BES III receives electron–positron collisions from BEPC II: a circular collider with a circumference of 240 m. BEPC II maintains a variable collision energy between 2 and 4.63 GeV, with a luminosity of 10^{33} cm^{−2}·s^{−1}. Each of the beams contains 93 electron or positron bunches of length 1.5 cm and a total current of 0.91 A.

== Detector ==

The BES III detector is a cylindrically symmetric 6-meter long and 7-meter diameter detector surrounding the interaction point of 2 beam pipe rings.
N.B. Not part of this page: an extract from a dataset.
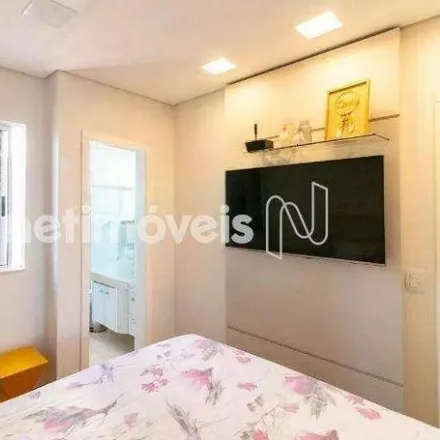 Buy this 3 bed apartment on Rua Henrique Gorceix in Monsenhor Messias, Belo Horizonte - MG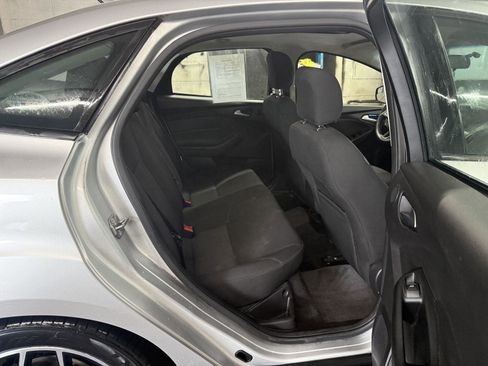 Used 2017 Ford Focus SEL FWD image 24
It has 4 major detector layers: a main drift chamber (MDC), time-of-flight counter (TOF), cesium-iodide electromagnetic calorimeter (CsI EMC), and a muon counter (Muon Chamber, MC, μC). The inner three layers are inside of a 1-tesla superconducting solenoid magnet.

The main drift chamber (MDC) is the first inner detector layer around the beam pipe and collision point. The MDC's main purpose is to measure the momentum and energy loss per unit distance (dE/dx) from charged particles. The chamber is 2.4 meters long and contains 6796 gold coated 25-micron tungsten signal wires that are arranged in 44 cylindrical layers. The half width of the inner 8 layers is 6 mm and the half width of the outer layers are 8.1 mm. Between the wires, a mixture of Helium and Propane gas are mixed together at a ratio of 60/40, designed to minimize multiple scattering and maintain a high dE/dx. Aluminum 110-micron wires are strung across the chamber for field shaping. As a charged particle passes through the chamber the gas becomes ionized along the path of the particle and the ions drift to the nearest wires. The particles path will be curved because of the magnetic field the solenoid creates. The amount of curvature allows for the momentum of the particle to be calculated.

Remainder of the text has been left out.